Kemudian paling penting, lanjut Maru, ketika ingin berotonom perlu kajian komprehensif dan harus betul-betul aspirasi dari komponen masyarakat. “Sosialisasi harus dilakukan hingga masyarakat paling bawah karena ini menyangkut hajat hidup orang banyak, dan nasib orang banyak. Karena yang menderita nanti bukan elit pemerintah dan politik tapi rakyat kecil yang kena imbasnya,” kata doktor dari UGM Jogjakarta yang sebentar lagi akan diwisuda.
Tapi kalau keinginan menjadi Provinsi Nusa Utara benar-benar lahir dari masyarakat karena sebuah kebutuhan masyarakat ini yang perlu didukung. “Sekali lagi asalkan keinginan jadi provinsi lahir dari kebutuhan masyarakat. Misalnya, kurang perhatian pemerintah pusat terhadap kesejahteraan warga kepulauan, saya kira ini harga mati untuk diperjuangkan,” imbuhnya.(aha)

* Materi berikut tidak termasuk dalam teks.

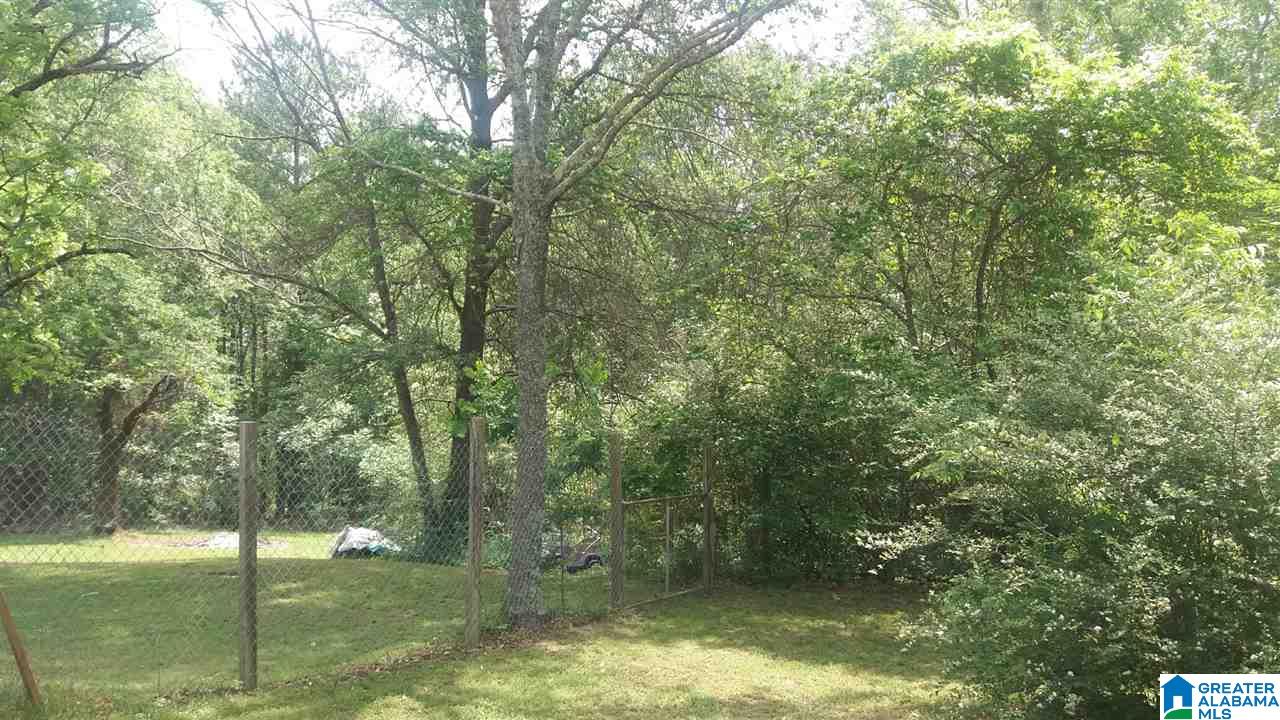 9695 Bankston Road Dora, AL 35062 - Photo 17 of 24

Tahuna disepakati nantinya sbg ibu kota propinsi nusa utara, adalah pilihan strategis, dari letak geografisnya yg cukup sentral, dan secra historis juga pernah sbg ibu kota kab kep sangihe-talaud, yg kemudian dimekarkan menjadi tiga kabupaten kepulauan (sangihe, talaud, sitaro) yg ketiganya juga telah bersepat untuk bersatu – terintegrasi kembali dalam satu propinsi yakni propinsi kepulauan nusa utara. pemikiran ketiga puncuk pimpinan an tentunya juga didukung penuh oleh pemerintah prop sulut, diharapkan pada waktunya impian, harapan, cita-cita akan terealiasi. Barangkali ada pr yg perlu didesain ke depan..adalah pemerataan atau keseimbangan pembangunan wilayah atau zone. tentunya masing-masing daerah punya keunggulan kompetitif dgn keunikan masing-masing darah, ini sebagai peluang sekalugus sebagai tantangan bgm mengintegrasikan nusa lawo menjadi suatu kekuatan ekonomi kawasan serta kekuatan nkri, salam always the best.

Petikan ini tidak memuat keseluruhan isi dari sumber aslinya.